Thursday, January 18, 2018

The Foreigner Movie Review

The Foreigner (2017)
Rent The Foreigner on Amazon Video // Buy the Book
Written by: David Marconi (screenplay by), Stephen Leather (based on the novel "The Chinaman")
Directed by: Martin Campbell
Starring: Jackie Chan, Pierce Brosnan, Katie Leung, Rufus Jones
Rated: R

Plot
A humble businessman with a past seeks justice when his daughter is killed in an act of terrorism, resulting in a cat-and-mouse game with an government official whose past holds clues to the killers' identities.

Verdict
This is better than I thought. It's more than a Taken knock-off, but it still has more than a few faults. It's two movies combined, Taken shoehorned into a story about a former terrorist. The problem is that the two stories aren't linked. This could have been better with a few tweaks to the plot.
I have to wonder if someone decided the Pierce Brosnan story didn't have enough excitement and they did they best they could to find a spot for Jackie Chan. This movie could have been pretty good.
It depends.

Review
The first scene is a setup the movie doesn't earn. It's trying to provide the foundation for an emotional impact, but it doesn't develop the father daughter relationship. We're supposed to care just because they're related and that doesn't work. We see Jackie Chan trying to search through the rubble after a bomb blast, looking for his daughter. This is the catalyst for Jackie Chan's crusade against Pierce Brosnan's character Liam. Since Liam used to be in the IRA, he must know who planted the bomb even though a new IRA group is claiming credit. I don't understand the reasoning at all.

This is a strange movie because it's part political thriller with the IRA having a division in the ranks and then Jackie Chan trying to get vengeance on a guy he thinks knows the bombers that killed his daughter. I assumed this was Chan's version of Taken, but it isn't. He's basically a side story just to drum up drama. He doesn't seem to fit in this movie. By combining the stories, neither gets enough time to develop, but it thankfully stops this from being a Taken rip off.

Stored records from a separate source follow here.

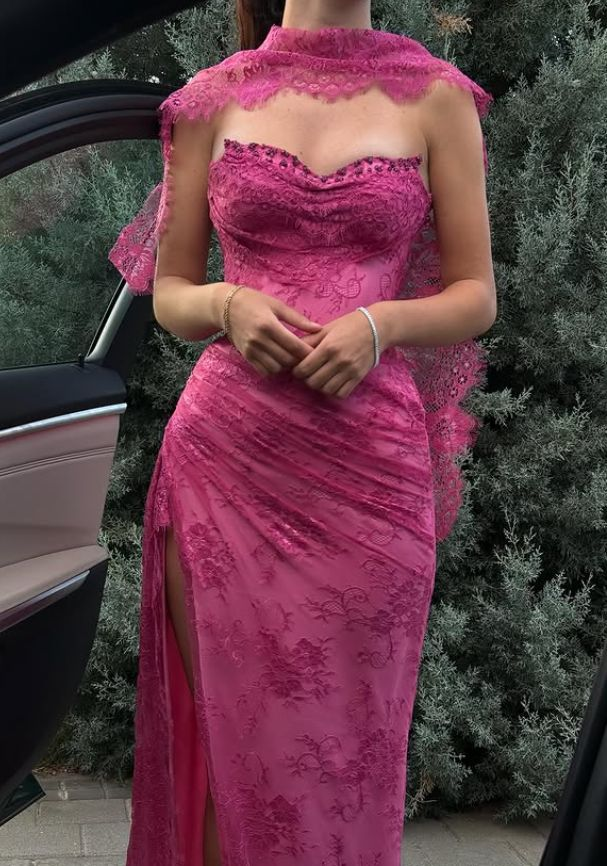 Pink Lace Prom Dress Sweetheart Neck Evening Dress With Slit fg8226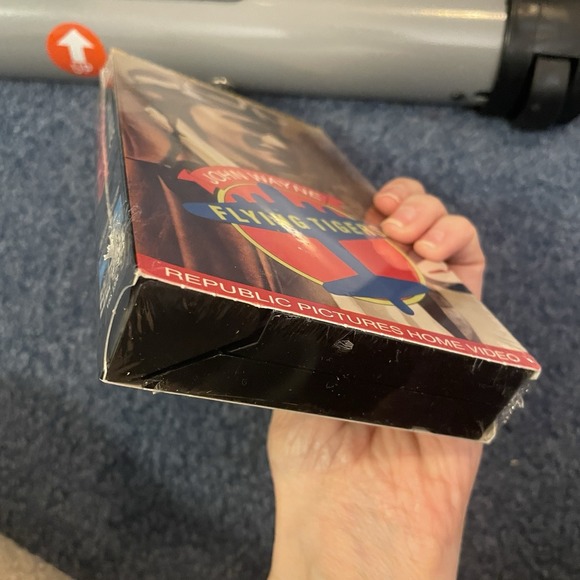 John Wayne Flying Tigers 1990 VHS‎ Digital Color Sealed - Picture 3 of 5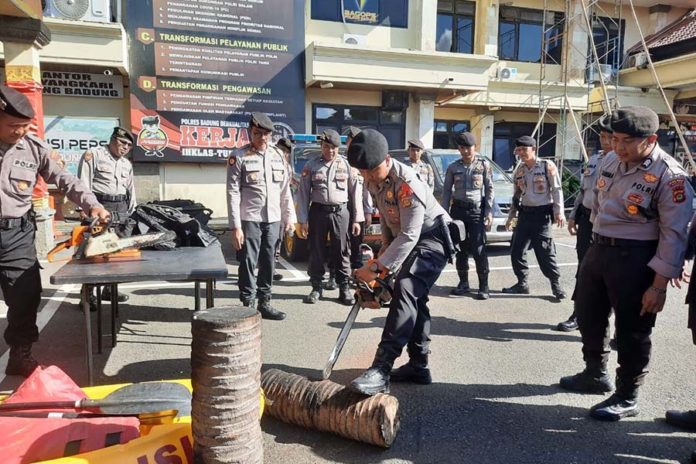 Tingkatkan Kesiapsiagaan Hadapi Bencana, Polres Badung Latihan SAR Terbatas 1
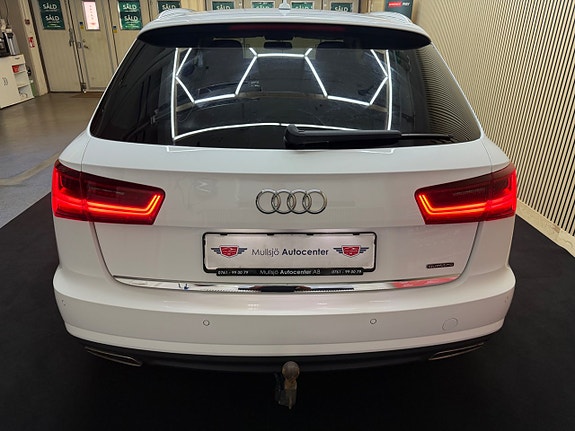 Audi A6 4 of 17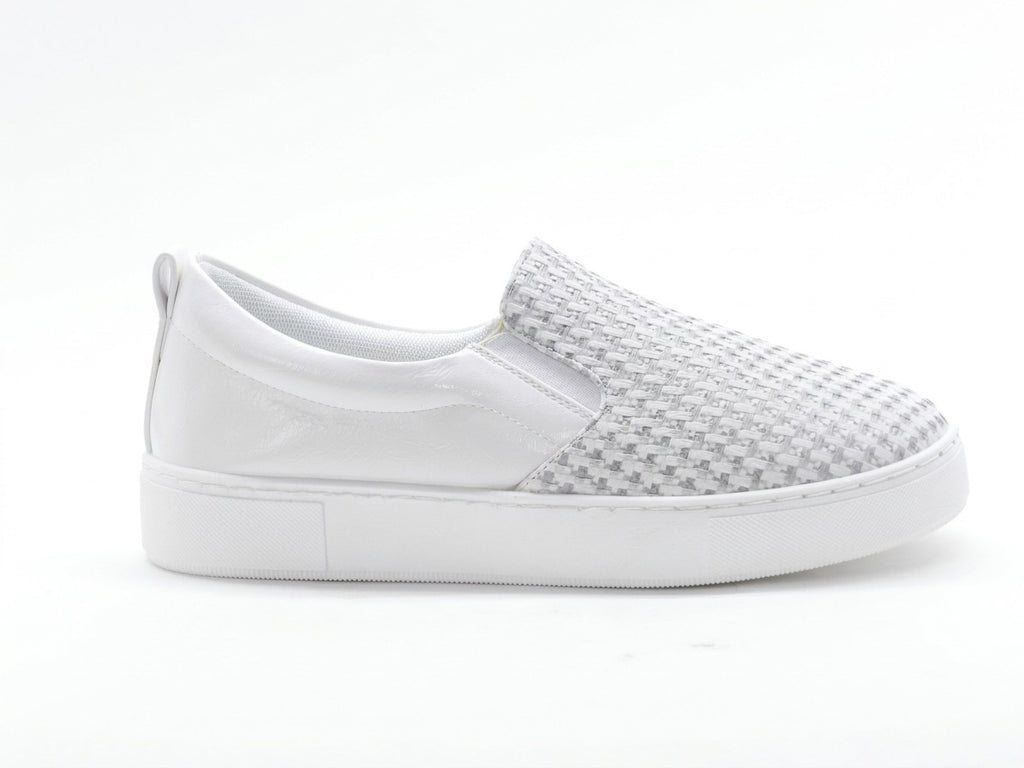 Women's Synthetic Slip-On Sneaker — Black/White​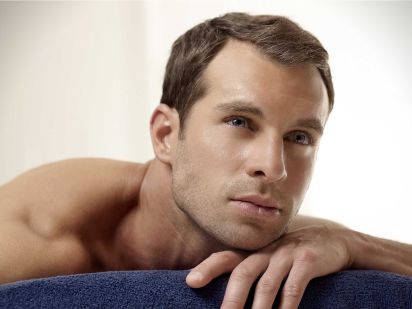 Homme durant un soin visage Phytomer anti-rides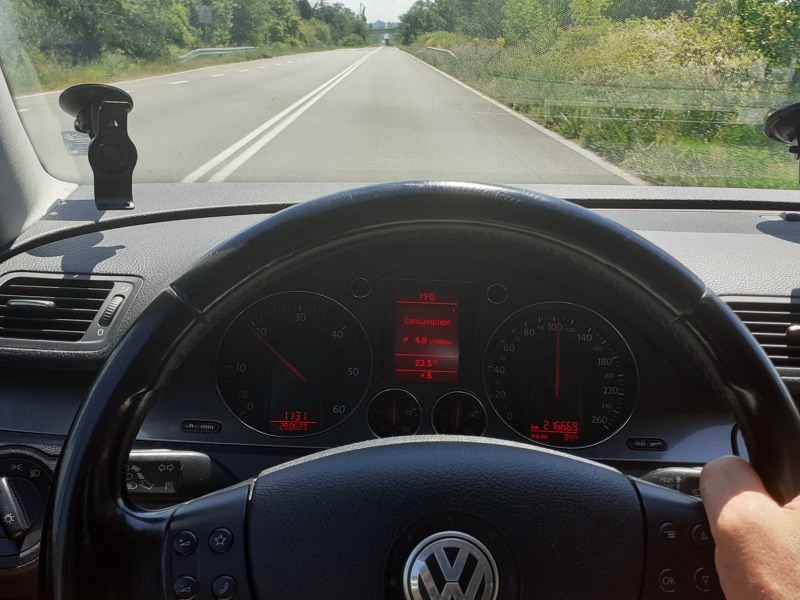 VW Passat 1.9 TDI, снимка 4 - Автомобили и джипове - 45797587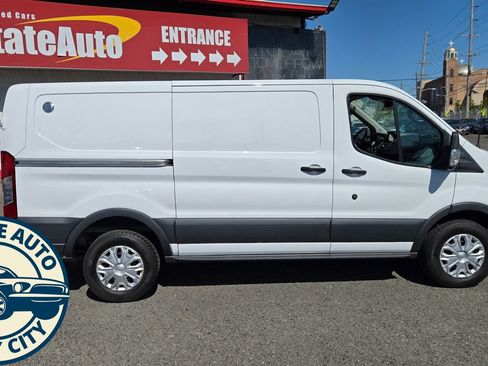Used 2018 Ford Transit 250 130 Low Roof w/ Interior Upgrade Package RWD image 8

While Liam claims to know nothing, he does know more than we thought. He just doesn't know anything about the bombing. He's trying to figure that out too while dealing with the thorn in his side, Chan. If Liam somehow used Chan, weaponized him to find answers, that would link these plots. The movie could make Liam more evil. He could completely use and abuse Chan for his own motives while pretending to help Chan. This needed something.

Chan finds the bombers and takes them out. One of them still alive is treated rough by the cops. I get it, that's a terrorist, but that could be a line the movie takes, how morality wavers when faced with extreme circumstances. You could take the perspective of a cop on the ground, Chan, and Liam or make a terrorist sympathetic or at least conflicted. Chan is acting like a terrorist himself in his pursuit of vengeance. The movie doesn't try to do any of this, and that's to its detriment. Maybe the intention is to compare Liam and Chan, linked through the terror they created, but that connection just isn't made.